Mary Beth Day '07 while on a field excursion in Namibia.
Geoarchaeology major Mary Beth Day '07 has been named to USA Today's All-USA College Academic First Team. Each February, USA Today honors 20 undergraduate academic all-stars as its All-USA College Academic Team. Day is the first Hamilton student to earn the honor. The team honors full-time undergraduates who not only excel in scholarship but also extend their intellectual abilities beyond the classroom to benefit society.

Day has received numerous academic honors while a student at Hamilton. As a sophomore, she was recipient of the Barry M. Goldwater Scholarship, a national award recognizing excellence in undergraduate research in math, science and engineering.  
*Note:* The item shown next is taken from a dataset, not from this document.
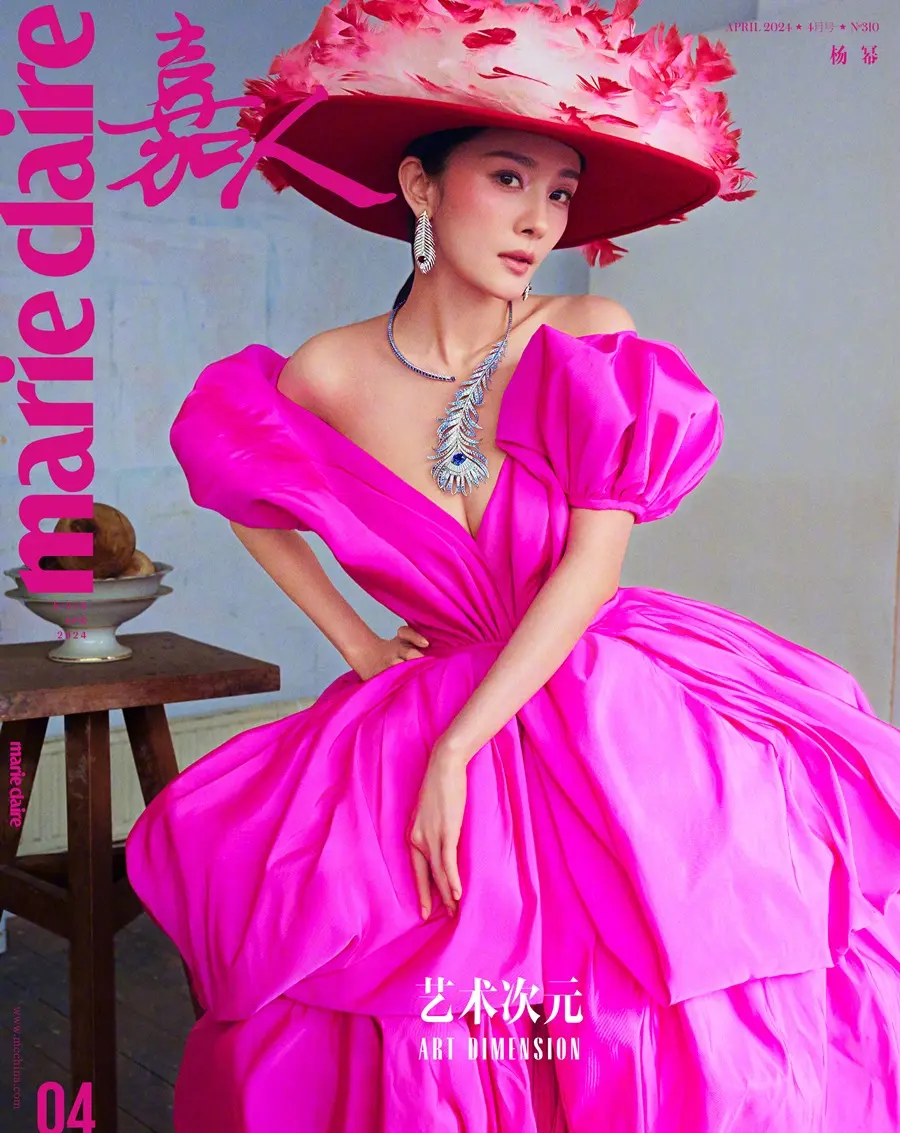 Yang Mi @ Marie Claire China April 2024
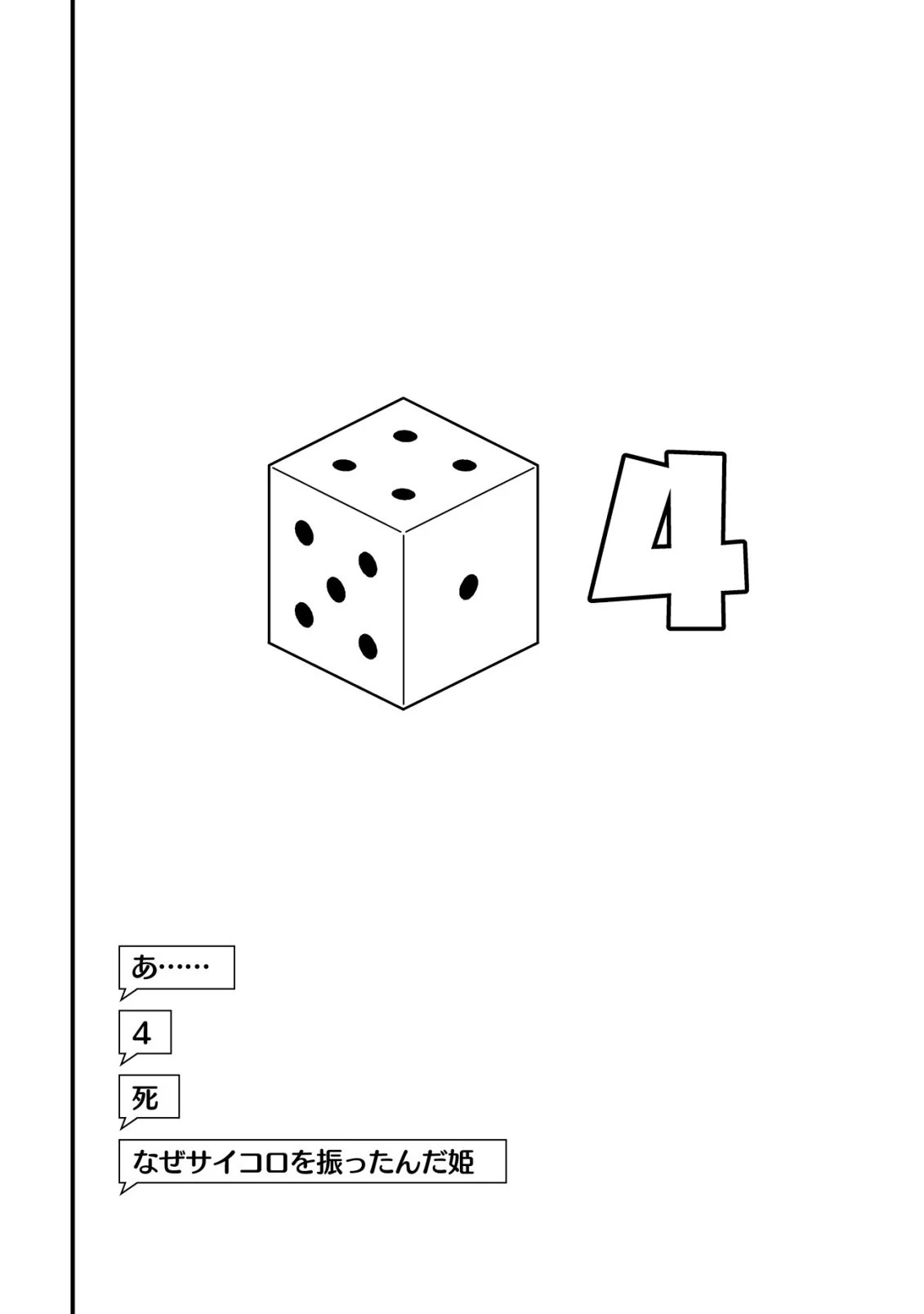 妹の配信に入り込んだらVTuber扱いされた件 第3話 - 34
Last August, Day was invited to assist Harvard University Professor of Geology Paul Hoffman and Hamilton College Professor of Geosciences Eugene Domack on a field excursion to Namibia where she spent three weeks mapping and collecting rocks from the Neoproterozoic (approximately 1 billion to 540 million years ago) in order to contribute to ongoing research about the Snowball Earth hypothesis, which describes the glacial conditions from high to low latitudes during the late Neoproterozoic. 

In June and July 2006 she was a guest student at the Woods Hole Oceanographic Institution, where she worked in the National Ocean Sciences Accelerator Mass Spectrometer facility under senior scientist John Hayes on a new method that improves the accuracy of radiocarbon dates of Antarctic marine sediments using stepped-combustion.  Day later presented a lecture at 2006 Geological Society of America annual meeting on the research she conducted at Woods Hole.

In 2005 Day was awarded a Hamilton College Emerson Grant that funds 10 weeks of summer research for student and faculty pairs. Her project examined the chemical characterization of stone tool materials used by paleoindians in the Great Basin. She presented a poster on that research at the 2006 Society for American Archaeology annual meeting in Puerto Rico.

During the summer of 2003, she was the recipient of a National Science Foundation - Science, Technology, Engineering, and Mathematics Talent Expansion Program Grant which is awarded to selected incoming freshmen to support five weeks of summer research prior to the beginning of the first year at Hamilton.


Day also co-authored, with Hamilton chemistry professors, research articles that were published in the International Journal of Quantum Chemistry and Journal of Physical Chemistry.

Day is principal flutist and piccolo player with the Hamilton College Orchestra, and a member of the chamber music group; a teaching assistant for the Geology and Archaeology departments; a Geology Club executive board member; and a former resident advisor.

She participates in several volunteer programs through the Hamilton Action Volunteer Outreach Coalition including the food salvage program, teaching juggling at a local elementary school, serving at a soup kitchen, and the Underground Café, a student-run café and social space for children in nearby Utica.

USA Today's All-USA Academic team program honors students who have not only challenged themselves and excelled in their course work, but extend their academic and broader intellectual abilities beyond the classroom to benefit their schools, their communities and society. A key element given most weight by the judges is the student's essay describing his or her most outstanding original academic or intellectual product.

Unlike scholarships, fellowships or grants, the All-USA Academic Team is a recognition honoring students for what they have done in college, as opposed to what they plan or hope to do upon graduation.

The program is modeled after an all-star sports team, and judges try to build a team of students who are universally outstanding and who excel in different ways. Former First Team members have excelled in the sciences, the humanities, the arts, in public service, journalism and education.

Day is the daughter of Janice and Michael Day of Seneca Falls.